織田信長、未来人に遭遇しすぎ マンガやラノベなど約100作品を調査した同人誌『信長名鑑』が熱意の塊:元司書みさきの同人誌レビューノート
視点が面白い作品。
もうすぐ6月。441年前のこの季節、時代が大きく動こうとしていたのをご存じでしょうか。天正10年6月2日は、戦国武将、織田信長が襲撃された本能寺の変が起こった日です(旧暦。西暦では1582年6月下旬~7月ごろとされます)。戦国時代の中でもとりわけ有名な人物の一人、織田信長。彼の人気を表す同人誌がまたここに……。
今回紹介する同人誌
『信長名鑑2 織田家訪問のしおり』A5 84ページ 表紙カラー・本文モノクロ
著者:姫川榴弾
タイムスリップ先として大人気! 織田信長のもとを訪れた現代人や転生者をカウントする
こちらは「マンガやライトノベルなどの作品の中でタイムスリップや転生をして織田信長と遭遇した人」について調査したご本です。

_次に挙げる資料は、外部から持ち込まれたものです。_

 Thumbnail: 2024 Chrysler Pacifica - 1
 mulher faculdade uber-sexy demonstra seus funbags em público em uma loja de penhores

作者さんは、さまざまな創作物において信長がどのような描かれ方をされているかを調べ上げ、『信長名鑑(しんちょうめいかん)』(太田出版、2019年)を出版しました。そんな方がこの同人誌では、信長のそばにタイムスリップしてしまった人や、同時代に転生してしまった現代人などをテーマに書いています。
年表、訪問者集計、分析……豊富な情報を丁寧にガイド
ご本は、どのような条件で調査しているかのレギュレーションから、信長の生涯と来訪者のかかわりが一目で分かる年表、掲載された作品の紹介、そして訪問者の集計、また「なぜこれほどまで多くの訪問者が織田信長のもとを訪れるのか」の分析までが文章でつづられています。
いやはや、「なぜこれほどまでに……」とされているように、時代を越えて織田信長と出会う人はなんと多く、そしてバリエーション豊富なことでしょうか! 歴史を知りたくて時間旅行をする小学生や、信長に筋トレ術を伝える高校生、信長の周囲の人物に転生してしまう人などが続々と出てきます。
調査によるとその数は合計100人を超えるとのこと。これらが信長生誕から本能寺の変までの時代を追いながら紹介され、分かりやすく見ることができるのですが、みんな事情が違うのでとにかく情報量の多さに驚きます! それを調査し、時代順に並べられたご苦労も推察されるのと同時に、どの紹介も短くポイントを押さえているところに、また感嘆させられます。どんなタイミングでどんな人がやってきたのかという個々の事情も、マンガや小説の作品紹介も、コンパクトにまとめられる要約力のすごさに助けられて、膨大な情報を興味深く読み進めることができました。
歴史の激動を新たな視点から照らす面白さ
そもそも、歴史上の人物に現代人が会うのは空想でしかかなえられない、特殊な状況です。しかしそれがこんなにも多彩に描かれ、しかもたった一人の武将を中心に巻き起こっているなんて。今までにない切り口でまとめられたことにより、またあらためて織田信長の人気、ドラマチックさ、そして創作の面白さにも光が当てられたように思いました。
441年前なら、もうすぐ時代の節目を迎えるころ。もしかしたら何かの拍子に織田信長に出会うような事態になってしまうかも? ご本を読んで備えておくのもいいかもしれませんね。
今週の余談
創作作品をきっかけに歴史がぐっと身近になるの、何度も体験してきました……。学生のころは授業でその時代に触れるのが待ち遠しかったり。いろんな入口があるのっていいですね。
みさき紹介文
公共図書館、専門図書館に勤務していた元司書。自身でも同人誌を作り、サークル活動歴は「人生の半分を越えたあたりで数えるのをやめました」と語る。